Der Staat entzieht sich da komplett seiner Aufgabe und überträgt Hoheitsrechte an jemanden, der sonst eine leere Turnhalle bewacht. Und jetzt auf einmal zusätzlich noch für Tausende Menschen darin verantwortlich sein soll. Es ist sicher nicht der richtige Ansatz, ein klassisches Sicherheitsunternehmen damit zu beauftragen.

Es wäre also zu simpel, das Ganze auf die Neonazi-Problematik zu reduzieren? Bei den Übergriffen am LaGeSo in Berlin waren ja auch Securitys mit Migrationshintergrund an der Eskalation beteiligt.
Natürlich, das sind klassische Türsteher. Die reagieren entsprechend auch wie Türsteher, wenn in deren Club Stress ist.

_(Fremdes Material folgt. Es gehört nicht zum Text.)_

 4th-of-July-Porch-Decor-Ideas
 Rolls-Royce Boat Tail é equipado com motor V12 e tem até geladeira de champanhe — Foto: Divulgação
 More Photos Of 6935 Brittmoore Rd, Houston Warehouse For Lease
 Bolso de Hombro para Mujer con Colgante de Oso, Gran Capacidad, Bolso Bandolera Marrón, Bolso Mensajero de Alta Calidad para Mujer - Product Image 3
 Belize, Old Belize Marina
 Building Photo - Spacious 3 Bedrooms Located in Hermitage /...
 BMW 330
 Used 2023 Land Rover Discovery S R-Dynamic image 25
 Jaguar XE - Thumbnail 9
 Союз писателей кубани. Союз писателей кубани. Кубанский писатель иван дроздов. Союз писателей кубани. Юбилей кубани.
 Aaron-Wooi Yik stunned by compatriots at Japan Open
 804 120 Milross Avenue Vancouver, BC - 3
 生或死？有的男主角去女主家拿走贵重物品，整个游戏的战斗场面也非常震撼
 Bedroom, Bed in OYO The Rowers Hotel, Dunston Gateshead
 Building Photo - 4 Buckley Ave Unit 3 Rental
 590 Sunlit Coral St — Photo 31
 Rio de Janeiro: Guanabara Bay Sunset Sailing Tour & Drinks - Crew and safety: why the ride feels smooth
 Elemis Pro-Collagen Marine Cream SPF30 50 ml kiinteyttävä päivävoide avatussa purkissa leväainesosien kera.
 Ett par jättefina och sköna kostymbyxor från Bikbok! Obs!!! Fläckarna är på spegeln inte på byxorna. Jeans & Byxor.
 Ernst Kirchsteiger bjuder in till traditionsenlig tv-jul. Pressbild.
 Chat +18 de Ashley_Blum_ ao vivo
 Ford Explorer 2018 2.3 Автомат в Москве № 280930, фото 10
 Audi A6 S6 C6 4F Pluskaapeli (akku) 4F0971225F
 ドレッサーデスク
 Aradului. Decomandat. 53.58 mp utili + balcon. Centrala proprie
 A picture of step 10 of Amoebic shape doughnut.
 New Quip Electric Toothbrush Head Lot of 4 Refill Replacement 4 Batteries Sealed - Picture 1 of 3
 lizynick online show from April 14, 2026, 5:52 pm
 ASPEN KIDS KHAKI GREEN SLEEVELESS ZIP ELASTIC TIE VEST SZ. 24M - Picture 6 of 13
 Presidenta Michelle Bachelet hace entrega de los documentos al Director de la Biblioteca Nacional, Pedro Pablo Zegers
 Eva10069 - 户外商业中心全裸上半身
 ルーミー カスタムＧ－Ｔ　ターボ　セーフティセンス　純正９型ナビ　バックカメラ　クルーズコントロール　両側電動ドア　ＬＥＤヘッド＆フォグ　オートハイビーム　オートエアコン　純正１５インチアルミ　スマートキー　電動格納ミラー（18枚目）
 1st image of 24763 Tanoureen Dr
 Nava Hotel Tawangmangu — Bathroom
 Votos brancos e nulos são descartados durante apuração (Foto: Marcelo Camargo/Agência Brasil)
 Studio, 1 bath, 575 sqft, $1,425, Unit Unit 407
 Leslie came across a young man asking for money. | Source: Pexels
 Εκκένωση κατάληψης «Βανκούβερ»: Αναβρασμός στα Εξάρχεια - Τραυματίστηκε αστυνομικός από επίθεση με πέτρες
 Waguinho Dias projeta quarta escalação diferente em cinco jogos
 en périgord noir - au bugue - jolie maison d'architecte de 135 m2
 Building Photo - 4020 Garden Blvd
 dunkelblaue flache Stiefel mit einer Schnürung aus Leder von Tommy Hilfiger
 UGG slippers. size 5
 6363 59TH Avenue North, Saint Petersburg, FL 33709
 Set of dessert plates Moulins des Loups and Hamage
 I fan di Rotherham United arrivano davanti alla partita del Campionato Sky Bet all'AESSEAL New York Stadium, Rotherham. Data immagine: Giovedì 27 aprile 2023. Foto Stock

Dazu kommt dann die klassische Überforderung, Mitarbeiter, die nicht korrekt handeln und natürlich nicht dafür ausgebildet wurden.

Rassismus hört ja auch nicht an der Grenze weiß/People of Color auf, sondern das geht ja weiter. Da herrschen so augenscheinliche Rassismen wie „der Asylant", „der benimmt sich hier nicht", „ich sorge hier für Ruhe". Und der wachsende gesellschaftliche Rassismus ist ja auch bei Sicherheitsmitarbeitern gegeben, wobei da dann nochmal so Faktoren hinzukommen wie: überwiegend männlich und hetero, von Machokultur geprägt, alles, was so ein klassisch rassistisches Umfeld nochmal trägt und Eskalation begünstigt. Selbst wenn ich bei großen Besprechungen mit anderen Firmen mit am Tisch sitze, sagen manche Chefs so was wie „die Kanaken können nicht rein". Das sagt einfach schon viel.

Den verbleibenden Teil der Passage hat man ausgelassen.